Pipi Tembam-8
Mimpi Arsha terputus dini hari, telinganya menangkap Dean yang mengoceh, kepalan tangannya masuk ke dalam mulutnya dan disedot hingga menimbulkan decapan, sambil bergumam seolah sedang berbicara dengan seseorang. Arsha pun membuka matanya sedikit.
Arsha mengelus rambut lebat Dean, "Dean, Sayang. Kakak masih ngantuk banget, masih jam satu, mamu bobok lagi ya."
"Oo, aa, mammm mammm," gumam Dean yang kadang setengah memekik dan kembali memasukkan kepala tangannya di mulut.
Mata jernihnya menangkap sosok berpendar yang mendekatinya, wanita itu tersenyum pada Dean. Kedua kaki Dean diangkat, bermain tali kaos kakinya selalu membuatnya senang. Wanita berambut hitam itu mengecup pipi Dean sayang.

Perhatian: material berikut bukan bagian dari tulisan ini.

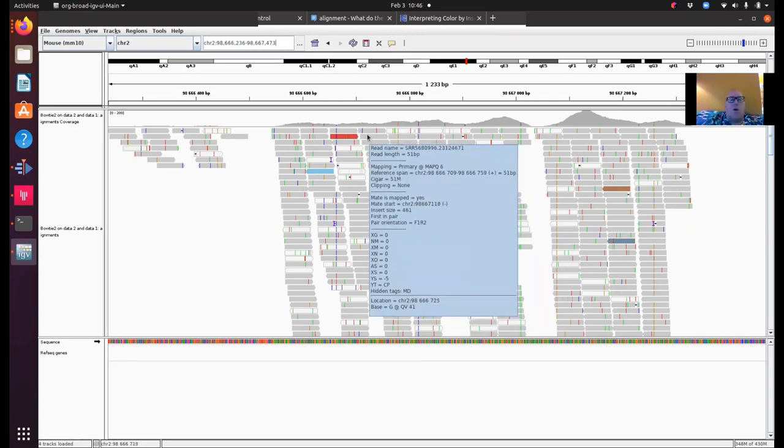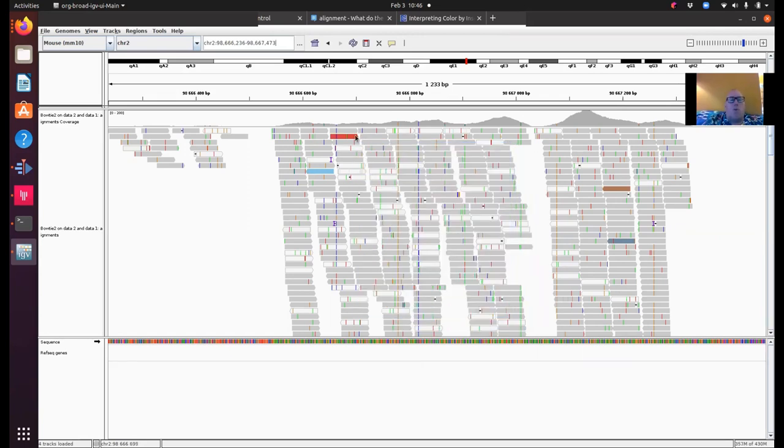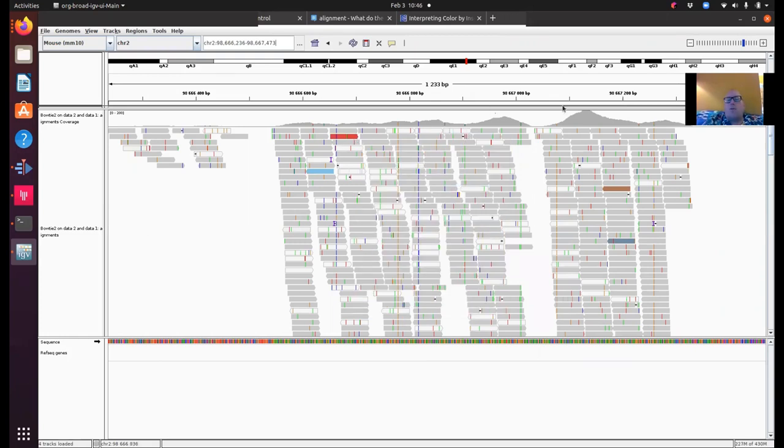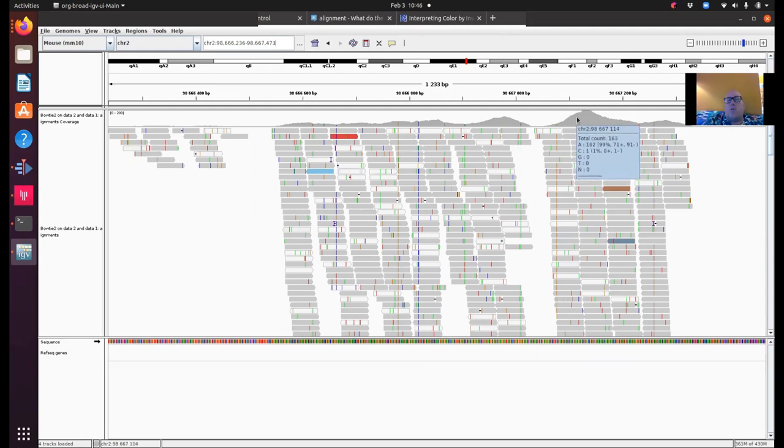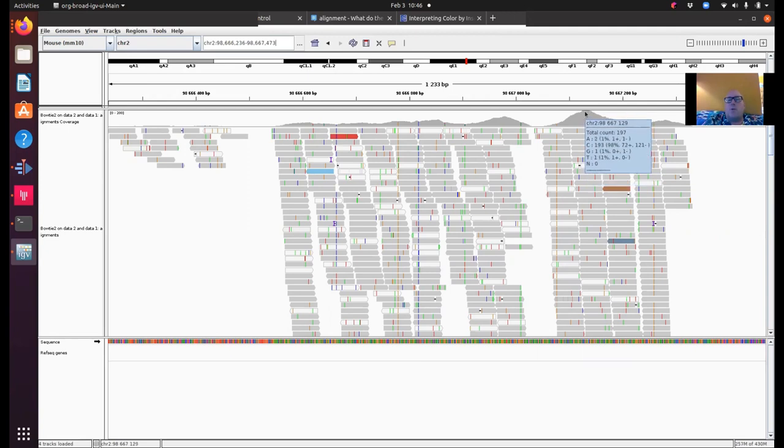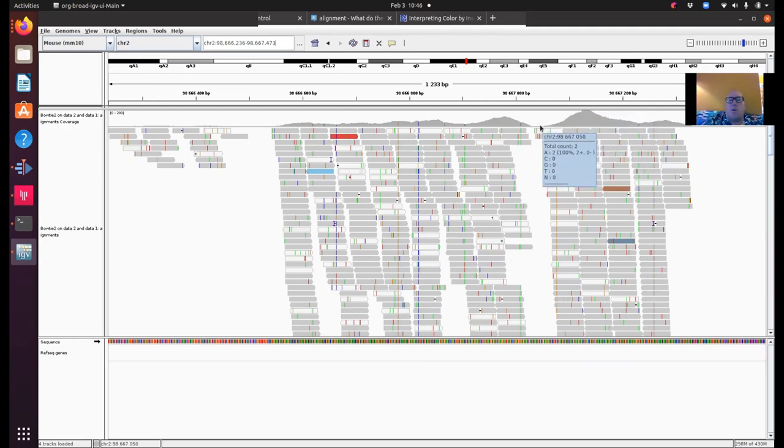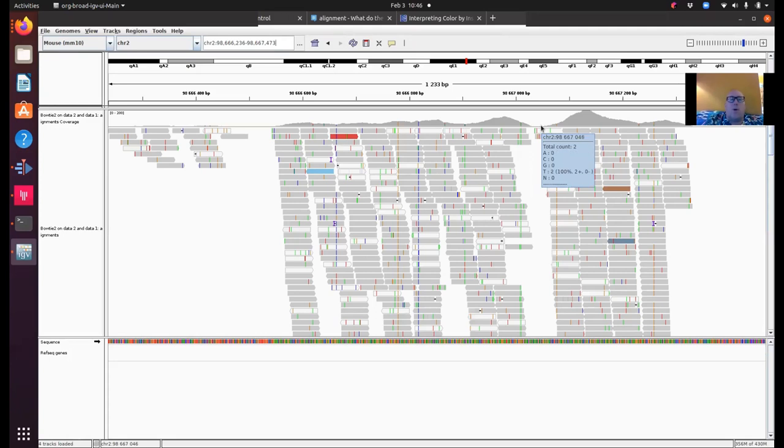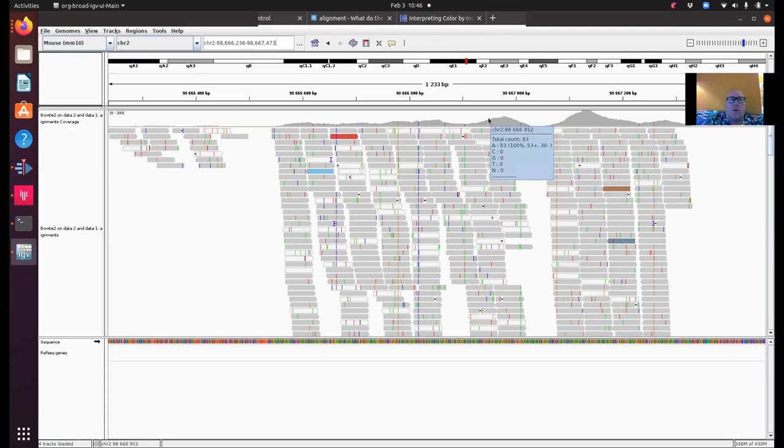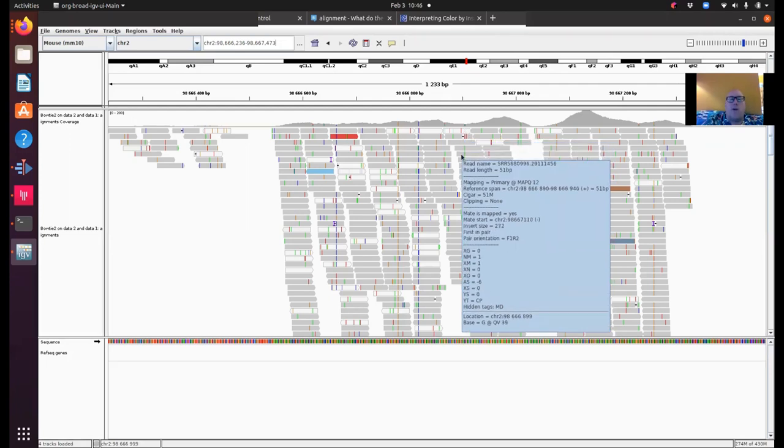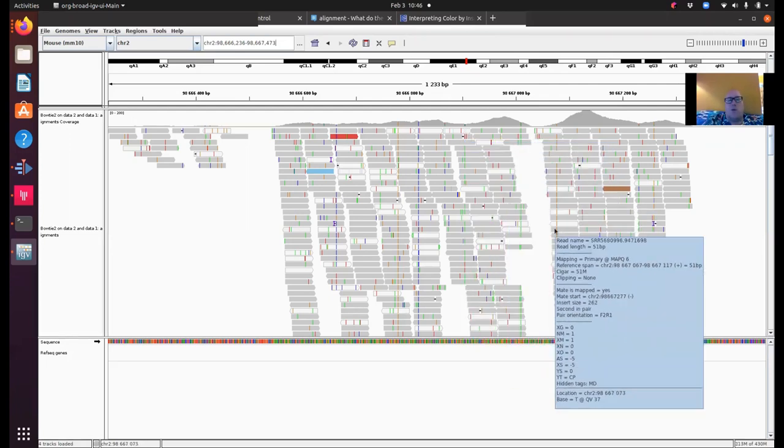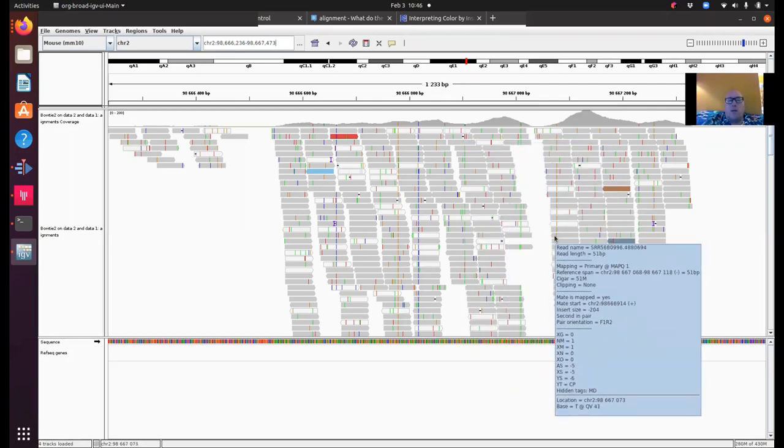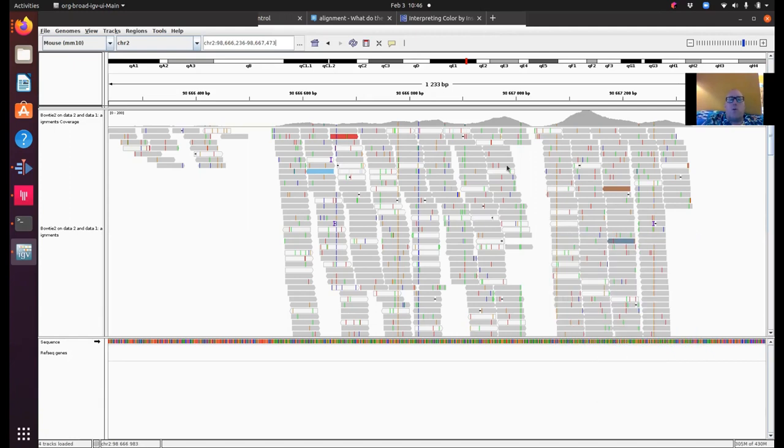And this graph at the top here is a graph of depth of coverage. So we can see here peak coverage is about 200 in this position and dropping down to nothing here. It's very difficult to say anything about this coverage because we have such a small sample. But we often do look at a graph like this to see whether we actually have enough reads in a region in order to realistically detect variants.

"Jangan nakal ya, anak mama yang tampan. Temui papamu, bawa tante cantik padanya, ya." Wanita itu tersenyum, mengecup kening Dean dan menjauh. Dean merengek.

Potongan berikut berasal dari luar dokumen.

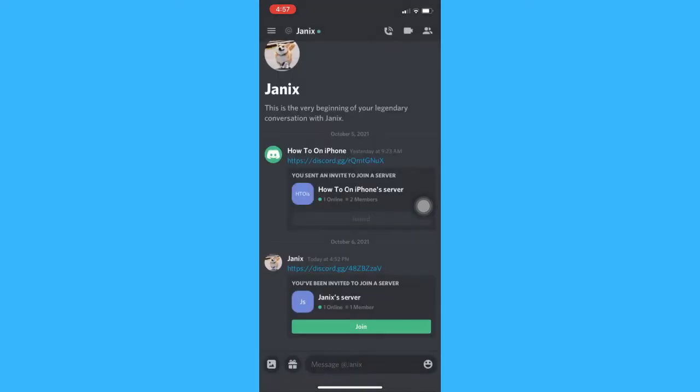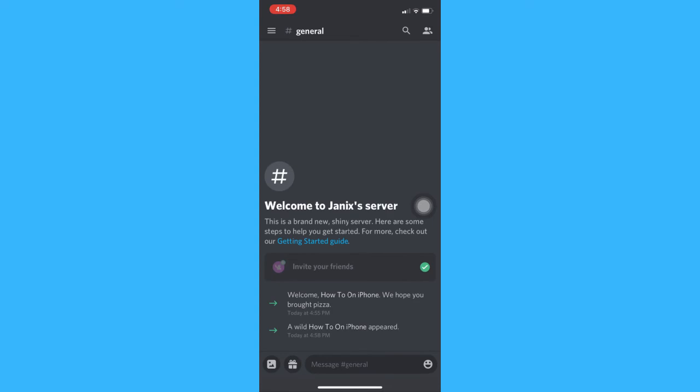Just click on join, and then that's it. That's how you can join again a Discord server.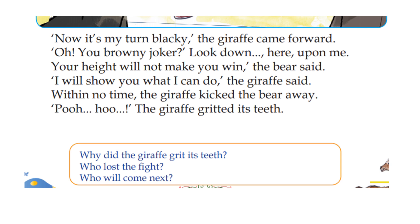How did the giraffe get a kick? The giraffe gritted its teeth. The giraffe will win the game.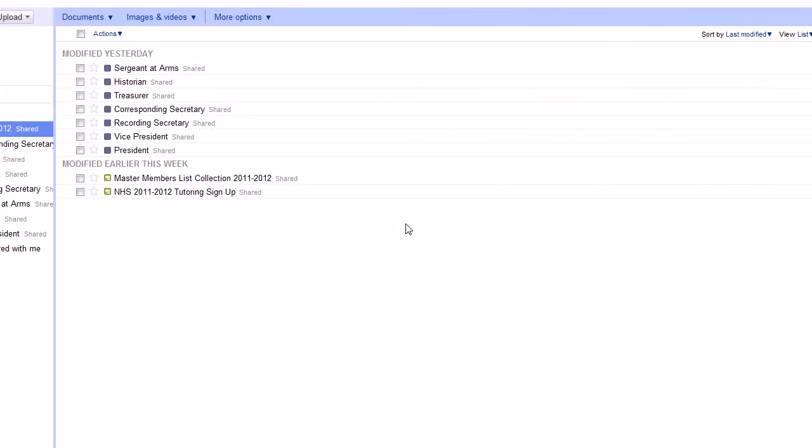Hello and welcome to another video on the Tysol High School National Honor Society Club Management System. This is video 12 and it's going to be on setting up the folder sharing in Google Docs.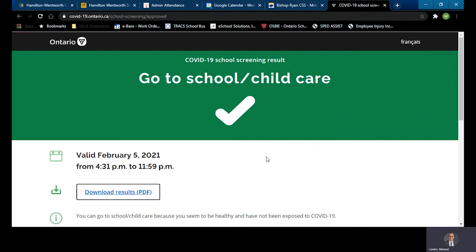So those are two options to show your validation in class. And that's it — that's how you complete your COVID-19 self-assessment for students. Thank you and have a great day.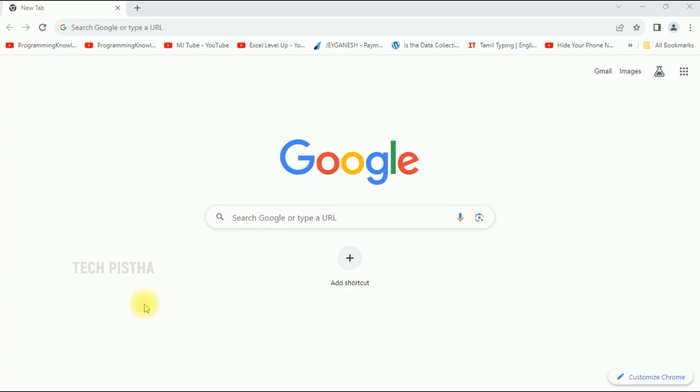Hello everyone, welcome to TechPistha. In this video I am going to show you how to add animated background on Google Chrome browser.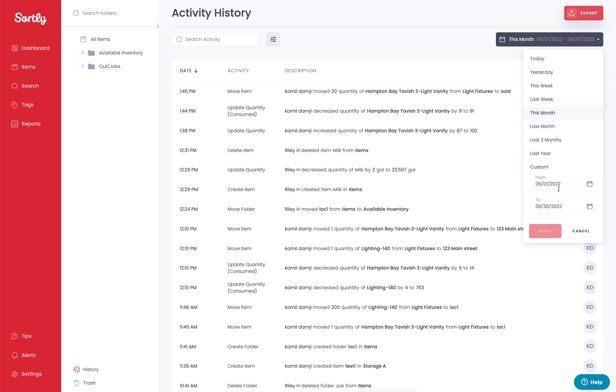We also offer a custom date range. On this side of things, we allow you to go into the system and add a date parameter that you want to find within all of your activity for that specific parameter. So if there's an issue with an inventory quantity or something along those lines, you can go in and hone in on a specific period in time to really get that data that you're looking for.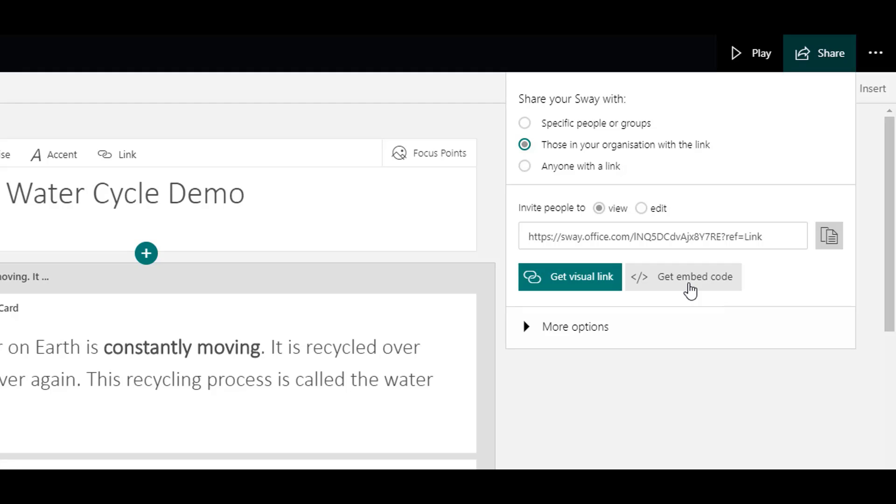The last option is anyone with the link. So there is no Glow login required. Again, this is really useful for sharing on a school website or a blog and sharing with parents.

"Mmamm, mamm!" Dean memekik dan menangis, tangannya meraih wanita yang pergi dari kamar Arsha, langsung membuat gadis yang terpejam matanya itu bangun seketika.

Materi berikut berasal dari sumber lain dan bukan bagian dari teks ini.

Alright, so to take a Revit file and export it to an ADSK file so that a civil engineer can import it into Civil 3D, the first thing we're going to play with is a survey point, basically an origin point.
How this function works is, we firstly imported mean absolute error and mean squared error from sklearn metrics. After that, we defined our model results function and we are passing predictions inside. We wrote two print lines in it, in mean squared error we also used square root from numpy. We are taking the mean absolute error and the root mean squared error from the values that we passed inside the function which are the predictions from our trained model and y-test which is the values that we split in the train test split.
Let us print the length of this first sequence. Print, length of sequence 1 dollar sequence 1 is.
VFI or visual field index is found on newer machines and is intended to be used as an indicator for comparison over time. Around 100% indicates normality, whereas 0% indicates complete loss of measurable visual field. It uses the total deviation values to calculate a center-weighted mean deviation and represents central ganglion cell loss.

Arsha melihat Dean berguling ke arah lain, dia tengkurap dan menangis sesenggukan.
"Dean, Sayang. Ada apa?" tanya Arsha yang meminta perhatian Dean.
Tangan Dean terulur ke arah pintu kamar Arsha, membuat gadis itu menjadi curiga. Arsha memberikan botol susu yang tinggal seperempat pada Dean, "Kamu tunggu di sini ya, jangan-jangan ada pencuri!"
Arsha mengulurkan tangannya seperti jurus silat yang tak pernah ia pelajari, dia membuka pintu kamar, melongok keluar, dia merapat ke tembok dan menoleh kanan-kiri, secepag kilat ia berlari ke arah dapur mengambil panci dan sundip kayu.
"Arsha tak bisa silat, tapi jika ada maling, jelas kukeluarkan silat seadanya!" Arsha melangkah mantap sambil mengulurkan panci dan spatula seperti bersiap perang.
Ujung sundip membuka gagang pintu, ketika terbuka sedikit langsung ditendangnya, "Ciaaattt!!!"
Pintu itu terbuka dan terpental saking kencangnya Arsha menendang. Di dalam kamar lain, Dean yang meminum susunya menyahut,
"Ng, oo, eee."
"Sebentar, Dean, pencurinya belum ketemu!" Arsha menyahut.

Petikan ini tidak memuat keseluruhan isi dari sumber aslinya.